**Your goal:** Could you copy out all the lines in the material below where the word "Table" occurs?

**Extracted information:**
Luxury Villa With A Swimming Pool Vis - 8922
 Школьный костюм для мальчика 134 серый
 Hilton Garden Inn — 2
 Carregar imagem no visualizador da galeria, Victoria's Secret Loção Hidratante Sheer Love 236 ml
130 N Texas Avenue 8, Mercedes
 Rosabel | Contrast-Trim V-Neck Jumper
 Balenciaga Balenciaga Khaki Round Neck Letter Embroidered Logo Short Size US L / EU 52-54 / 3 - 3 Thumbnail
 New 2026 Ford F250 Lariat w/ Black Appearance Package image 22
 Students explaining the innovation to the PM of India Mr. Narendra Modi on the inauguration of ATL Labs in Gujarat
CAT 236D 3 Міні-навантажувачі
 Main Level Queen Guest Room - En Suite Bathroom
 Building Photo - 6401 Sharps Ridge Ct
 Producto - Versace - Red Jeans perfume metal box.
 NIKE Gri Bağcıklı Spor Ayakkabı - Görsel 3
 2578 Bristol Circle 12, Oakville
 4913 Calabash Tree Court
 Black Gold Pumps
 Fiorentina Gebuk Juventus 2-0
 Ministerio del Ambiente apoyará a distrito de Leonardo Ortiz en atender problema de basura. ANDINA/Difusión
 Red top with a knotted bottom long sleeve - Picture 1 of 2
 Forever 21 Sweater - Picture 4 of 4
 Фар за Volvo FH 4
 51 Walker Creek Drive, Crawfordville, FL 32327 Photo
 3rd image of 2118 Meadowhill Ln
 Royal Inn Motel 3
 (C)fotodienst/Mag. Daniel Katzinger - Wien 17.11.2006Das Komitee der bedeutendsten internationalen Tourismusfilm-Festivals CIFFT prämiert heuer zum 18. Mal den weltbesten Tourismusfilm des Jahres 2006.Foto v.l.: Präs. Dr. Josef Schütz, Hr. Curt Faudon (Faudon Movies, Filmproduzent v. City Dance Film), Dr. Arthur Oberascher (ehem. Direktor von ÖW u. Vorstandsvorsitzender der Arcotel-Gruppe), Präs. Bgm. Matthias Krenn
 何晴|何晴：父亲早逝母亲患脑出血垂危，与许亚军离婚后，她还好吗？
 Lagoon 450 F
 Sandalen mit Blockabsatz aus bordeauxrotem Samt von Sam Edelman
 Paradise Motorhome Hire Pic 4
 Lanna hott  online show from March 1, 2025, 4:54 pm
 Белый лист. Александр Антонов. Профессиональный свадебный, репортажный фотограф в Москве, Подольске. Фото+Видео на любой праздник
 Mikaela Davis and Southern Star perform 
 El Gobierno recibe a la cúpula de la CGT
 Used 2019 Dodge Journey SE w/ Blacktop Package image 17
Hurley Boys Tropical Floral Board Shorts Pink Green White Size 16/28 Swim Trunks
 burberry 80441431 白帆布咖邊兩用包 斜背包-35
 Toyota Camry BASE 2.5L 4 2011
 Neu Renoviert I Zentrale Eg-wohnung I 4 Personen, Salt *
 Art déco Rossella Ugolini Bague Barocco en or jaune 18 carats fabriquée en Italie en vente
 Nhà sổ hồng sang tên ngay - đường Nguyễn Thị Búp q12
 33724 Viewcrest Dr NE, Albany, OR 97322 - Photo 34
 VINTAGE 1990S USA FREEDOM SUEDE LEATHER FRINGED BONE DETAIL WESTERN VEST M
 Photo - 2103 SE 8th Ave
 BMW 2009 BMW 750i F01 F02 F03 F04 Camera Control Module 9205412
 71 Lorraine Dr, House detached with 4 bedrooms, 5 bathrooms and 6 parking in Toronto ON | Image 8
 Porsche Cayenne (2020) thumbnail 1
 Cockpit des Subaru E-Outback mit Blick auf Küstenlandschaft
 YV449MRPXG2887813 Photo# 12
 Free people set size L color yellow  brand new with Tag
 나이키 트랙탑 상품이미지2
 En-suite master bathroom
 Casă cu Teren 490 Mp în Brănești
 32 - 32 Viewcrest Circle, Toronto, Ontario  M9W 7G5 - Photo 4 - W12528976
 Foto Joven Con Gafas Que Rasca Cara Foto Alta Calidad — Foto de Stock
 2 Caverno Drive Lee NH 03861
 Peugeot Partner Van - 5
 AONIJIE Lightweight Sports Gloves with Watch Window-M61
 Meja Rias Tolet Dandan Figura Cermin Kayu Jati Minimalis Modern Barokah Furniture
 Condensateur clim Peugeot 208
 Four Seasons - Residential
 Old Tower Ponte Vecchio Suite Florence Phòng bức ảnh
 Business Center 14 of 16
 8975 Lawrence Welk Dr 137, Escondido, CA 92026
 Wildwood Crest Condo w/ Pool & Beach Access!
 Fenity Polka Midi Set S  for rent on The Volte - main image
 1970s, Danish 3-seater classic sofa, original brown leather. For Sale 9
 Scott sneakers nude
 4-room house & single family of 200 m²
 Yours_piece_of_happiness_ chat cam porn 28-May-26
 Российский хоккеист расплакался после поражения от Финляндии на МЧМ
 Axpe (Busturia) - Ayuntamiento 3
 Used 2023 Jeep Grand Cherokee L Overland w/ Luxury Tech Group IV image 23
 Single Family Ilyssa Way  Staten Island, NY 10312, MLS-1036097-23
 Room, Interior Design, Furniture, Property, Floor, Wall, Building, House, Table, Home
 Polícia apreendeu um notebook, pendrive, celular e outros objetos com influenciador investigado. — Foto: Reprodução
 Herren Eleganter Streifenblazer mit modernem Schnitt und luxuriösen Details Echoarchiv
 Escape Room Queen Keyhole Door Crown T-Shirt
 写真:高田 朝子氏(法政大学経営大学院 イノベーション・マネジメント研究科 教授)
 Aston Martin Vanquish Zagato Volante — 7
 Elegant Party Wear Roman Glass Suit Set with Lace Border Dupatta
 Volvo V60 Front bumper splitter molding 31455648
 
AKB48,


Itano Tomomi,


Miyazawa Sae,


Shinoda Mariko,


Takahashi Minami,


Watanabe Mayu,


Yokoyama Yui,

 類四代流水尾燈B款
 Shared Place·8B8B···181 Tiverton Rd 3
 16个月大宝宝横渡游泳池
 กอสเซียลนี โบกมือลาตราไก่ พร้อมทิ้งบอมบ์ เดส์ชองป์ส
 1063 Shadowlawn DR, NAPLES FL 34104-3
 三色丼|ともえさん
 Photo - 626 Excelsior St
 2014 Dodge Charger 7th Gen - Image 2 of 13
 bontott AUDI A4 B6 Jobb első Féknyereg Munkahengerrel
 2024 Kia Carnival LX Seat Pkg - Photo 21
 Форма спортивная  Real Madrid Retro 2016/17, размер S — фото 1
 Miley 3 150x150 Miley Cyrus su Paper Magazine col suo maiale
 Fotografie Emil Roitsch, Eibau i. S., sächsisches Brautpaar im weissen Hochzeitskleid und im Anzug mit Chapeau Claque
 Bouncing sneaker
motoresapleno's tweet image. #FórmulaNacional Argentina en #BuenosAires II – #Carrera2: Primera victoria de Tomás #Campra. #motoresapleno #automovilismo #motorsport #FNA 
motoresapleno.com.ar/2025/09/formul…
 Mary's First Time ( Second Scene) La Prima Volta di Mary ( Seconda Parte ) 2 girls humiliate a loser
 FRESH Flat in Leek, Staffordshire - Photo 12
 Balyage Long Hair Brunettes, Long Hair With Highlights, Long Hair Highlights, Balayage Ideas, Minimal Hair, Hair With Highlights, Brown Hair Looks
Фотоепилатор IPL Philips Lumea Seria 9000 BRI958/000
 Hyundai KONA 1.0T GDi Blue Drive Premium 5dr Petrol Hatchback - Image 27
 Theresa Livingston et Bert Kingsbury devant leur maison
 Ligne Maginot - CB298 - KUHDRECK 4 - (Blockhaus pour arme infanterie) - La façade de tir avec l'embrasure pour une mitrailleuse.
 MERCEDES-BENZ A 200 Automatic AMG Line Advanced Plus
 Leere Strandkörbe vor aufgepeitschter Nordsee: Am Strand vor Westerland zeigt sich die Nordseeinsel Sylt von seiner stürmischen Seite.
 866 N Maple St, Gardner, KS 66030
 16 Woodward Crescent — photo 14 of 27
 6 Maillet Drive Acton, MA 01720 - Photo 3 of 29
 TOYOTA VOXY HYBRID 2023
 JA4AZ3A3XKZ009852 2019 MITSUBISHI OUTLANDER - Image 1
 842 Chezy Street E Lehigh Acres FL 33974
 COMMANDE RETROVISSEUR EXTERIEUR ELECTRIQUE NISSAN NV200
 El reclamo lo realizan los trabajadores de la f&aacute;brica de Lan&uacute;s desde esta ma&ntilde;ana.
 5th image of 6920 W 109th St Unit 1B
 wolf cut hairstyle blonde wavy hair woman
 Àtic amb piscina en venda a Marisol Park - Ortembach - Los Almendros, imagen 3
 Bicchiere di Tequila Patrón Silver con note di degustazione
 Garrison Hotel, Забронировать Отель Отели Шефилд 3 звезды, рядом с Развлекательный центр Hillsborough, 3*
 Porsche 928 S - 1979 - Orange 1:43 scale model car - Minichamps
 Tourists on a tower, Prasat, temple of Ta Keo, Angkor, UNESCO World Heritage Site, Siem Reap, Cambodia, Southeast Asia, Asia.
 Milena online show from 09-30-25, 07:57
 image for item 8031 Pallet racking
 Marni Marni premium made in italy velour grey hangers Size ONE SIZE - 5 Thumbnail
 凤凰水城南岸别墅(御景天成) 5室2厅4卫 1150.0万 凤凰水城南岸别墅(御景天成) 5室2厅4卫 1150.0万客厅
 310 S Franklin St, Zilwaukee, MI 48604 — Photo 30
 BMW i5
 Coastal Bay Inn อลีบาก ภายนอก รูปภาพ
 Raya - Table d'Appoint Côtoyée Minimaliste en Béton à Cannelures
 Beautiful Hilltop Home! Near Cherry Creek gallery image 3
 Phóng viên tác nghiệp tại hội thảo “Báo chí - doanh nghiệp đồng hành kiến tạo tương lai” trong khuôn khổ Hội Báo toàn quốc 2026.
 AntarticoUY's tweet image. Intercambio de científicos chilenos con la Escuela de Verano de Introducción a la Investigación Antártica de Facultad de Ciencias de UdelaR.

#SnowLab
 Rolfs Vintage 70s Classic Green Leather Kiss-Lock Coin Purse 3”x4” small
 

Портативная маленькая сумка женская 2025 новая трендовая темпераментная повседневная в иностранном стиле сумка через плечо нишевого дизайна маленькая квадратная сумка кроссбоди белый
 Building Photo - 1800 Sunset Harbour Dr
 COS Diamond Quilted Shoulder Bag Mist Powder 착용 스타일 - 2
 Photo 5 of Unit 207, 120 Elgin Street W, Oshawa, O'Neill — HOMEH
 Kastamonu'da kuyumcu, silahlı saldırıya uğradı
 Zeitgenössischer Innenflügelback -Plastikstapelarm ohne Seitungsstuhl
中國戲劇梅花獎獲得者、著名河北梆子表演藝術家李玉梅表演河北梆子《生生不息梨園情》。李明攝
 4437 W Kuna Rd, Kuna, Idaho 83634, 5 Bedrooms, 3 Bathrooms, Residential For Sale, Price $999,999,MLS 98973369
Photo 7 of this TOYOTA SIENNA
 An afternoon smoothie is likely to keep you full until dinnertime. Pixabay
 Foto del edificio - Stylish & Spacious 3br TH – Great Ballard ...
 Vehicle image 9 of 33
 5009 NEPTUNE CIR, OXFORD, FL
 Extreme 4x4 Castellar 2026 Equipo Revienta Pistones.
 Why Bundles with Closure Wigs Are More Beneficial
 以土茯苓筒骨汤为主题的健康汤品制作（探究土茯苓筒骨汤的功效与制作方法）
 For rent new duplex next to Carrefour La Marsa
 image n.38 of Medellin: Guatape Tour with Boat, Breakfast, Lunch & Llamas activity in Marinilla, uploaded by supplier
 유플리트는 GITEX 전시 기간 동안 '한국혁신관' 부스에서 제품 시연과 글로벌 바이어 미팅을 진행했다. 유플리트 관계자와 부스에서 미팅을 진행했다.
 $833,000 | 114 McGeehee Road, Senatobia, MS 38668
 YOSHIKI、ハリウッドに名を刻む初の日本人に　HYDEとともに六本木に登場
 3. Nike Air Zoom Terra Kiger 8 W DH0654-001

**Finished task:**
 Room, Interior Design, Furniture, Property, Floor, Wall, Building, House, Table, Home
 Raya - Table d'Appoint Côtoyée Minimaliste en Béton à Cannelures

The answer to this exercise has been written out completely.